FBI Director Admits Agency Rarely Has Probable Cause When It Performs Backdoor Searches Of NSA Collections

By Tim Cushing: TechDirt.com

After years of continuous, unrepentant abuse of surveillance powers, the FBI is facing the real possibility of seeing Section 702 curtailed, if not scuttled entirely.

Section 702 allows the NSA to gather foreign communications in bulk. The FBI benefits from this collection by being allowed to perform “backdoor” searches of NSA collections to obtain communications originating from US citizens and residents.

There are rules to follow, of course. But the FBI has shown little interest in adhering to these rules, just as much as the NSA has shown little interest in curtailing the amount of US persons’ communications “incidentally” collected by its dragnet.

In recent months, several Republicans have argued against a clean re-authorization of Section 702 powers, citing the FBI’s backdoor snooping on Trump administration figures, as well as certain Republicans who have outlasted Trump’s four-year stint as the supposed leader of the free world.

On top of this opposition, there’s something more bipartisan. Every time surveillance powers are up for renewal, Senator Ron Wyden and other privacy focused legislators have offered up comprehensive surveillance reform packages.

The latest effort by Wyden would create a warrant requirement for these backdoor searches by the FBI. Senate leaders tried to dodge this by slapping a clean re-auth rider on a “must pass” budget bill, but legislators found a way to keep the government funded for a little bit longer while they continue to argue over who gets what and how much of it.
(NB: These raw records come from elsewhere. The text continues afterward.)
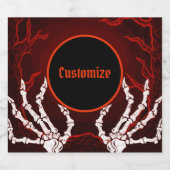 Étiquettes Pour Bouteilles De Liqueur Mains de squelette orange (Étiquettes simples)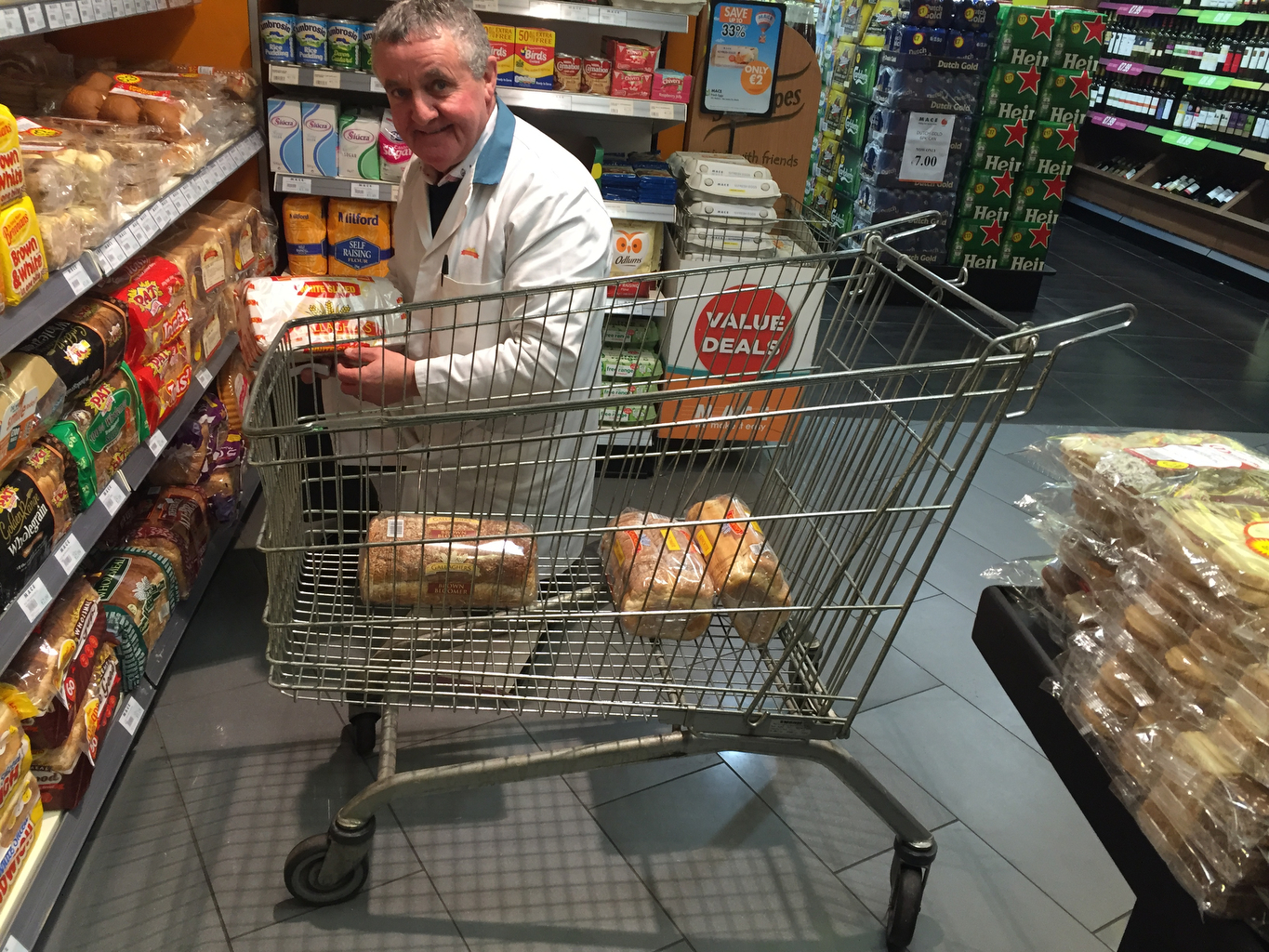 Hughie McDaid pictured in a familiar setting delivering Gallagher bread to the shop around Letterkenny now celebrating over 4o year in business. Photo Brian Mc Daid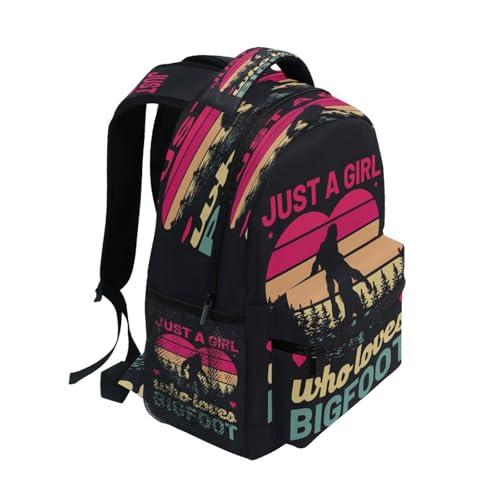 Bigfoot Vintage Funny 3D Print School Backpack Boys Girls Kids Large Capacity Daypack Travel 17in2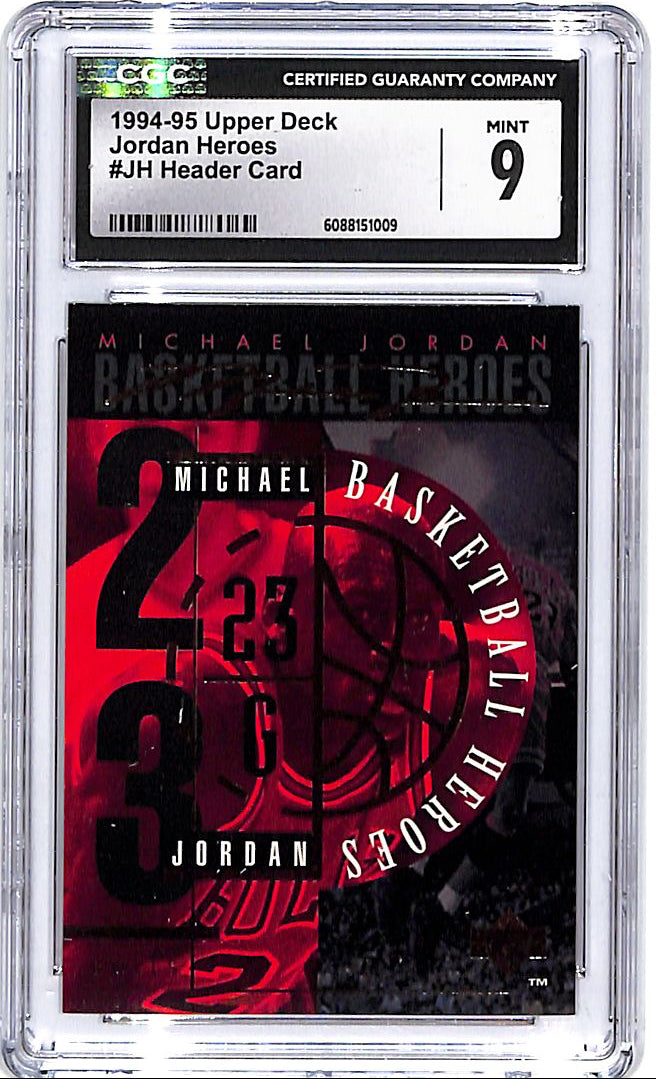 1994-95 Upper Deck Michael Jordan Heroes Header Card CGC 9 Bulls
Faced with the real possibility of seeing this surveillance authority heavily altered, if not discarded completely, the FBI is making its case for a year-end approval of status quo continuation. But it’s making some really bad arguments.

FBI director Chris Wray took time out his busy “everything is going dark” schedule to speak to House representatives on behalf of his agency and its desire to continue to abuse this access to NSA collections. Unfortunately for Wray, the statements he made inadvertently exposed the lack of legal basis for FBI access to communications collected by the NSA.

First though, he pretended he cared whether or not Americans were subject to unconstitutional spying, as Jessica Hardcastle reports for The Register.

He did address the FBI’s earlier abuses of Section 702 to spy on protesters, campaign donors, and even elected officials.

“To be sure, no one more deeply shares Members’ concerns regarding past FBI compliance violations related to FISA, including the rules for querying Section 702 collection using US person identifiers, than I do,” Wray said. 

That can’t possibly be true. If it were, Wray’s concern would surpass the concern expressed by any number of rights and privacy groups, as well as legislators who have worked for years to curtail this abuse, only to see their reform efforts shot down by the lawmakers who care even less about the FBI’s violations than the FBI itself.

If this statement were even remotely true, Wray wouldn’t be trying to talk legislators into dumping Wyden’s reform bill, much less advocating for continued warrantless access to US persons’ communications.

Wray’s argument for continued warrantless access was somehow even worse than his pretending to care about surveillance abuses. Somehow, the FBI director managed to blurt out what everyone was already thinking: that the FBI needs this backdoor access because it almost never has the probable cause to support the search warrant normally needed to access the content of US persons’ communications.

A warrant requirement would amount to a de facto ban, because query applications either would not meet the legal standard to win court approval; or because, when the standard could be met, it would be so only after the expenditure of scarce resources, the submission and review of a lengthy legal filing, and the passage of significant time — which, in the world of rapidly evolving threats, the government often does not have,” Wray said. 

Holy shit. He just flat-out admitted it: a majority of FBI searches of US persons’ communications via Section 702 are unsupported by probable cause. That alone should be enough to, if nothing else, forbid the FBI from using this back door. This is on top of the years of continuous abuse of these surveillance powers by the FBI — something so egregious even the FISA court has considered shutting down the FBI’s access. And that’s with the FISA court’s unwavering ability to both forgive and forget the FBI’s constant trespasses.

If Wray is to be believed — and there’s no reason not to, since he’s arguing in self-interest — probable cause either doesn’t exist or takes too long. This is the same guy who, moments earlier, claimed he was the most concerned about FBI abuse of this surveillance power. Yet, moments later, he’s telling legislators his agency is incapable of complying with the Fourth Amendment, or simply just unwilling to do so.

While I’m less than thrilled certain Republicans have decided Section 702 is bad only when it hurts them, I’m happy to see this power face the real possibility of meaningful reform, if not actual extinction. It’s been a long time coming. Unfortunately, both the FBI and the current administration are united in their desire to keep this executive authority intact. Both Wray and the Biden administration call the warrant requirement a “red line.” So, even if the House decides it needs to go (for mostly political reasons) and/or Wyden’s reform bill lands on the President’s desk, odds are the FBI will get its wish: warrantless access to domestic communications for the foreseeable future.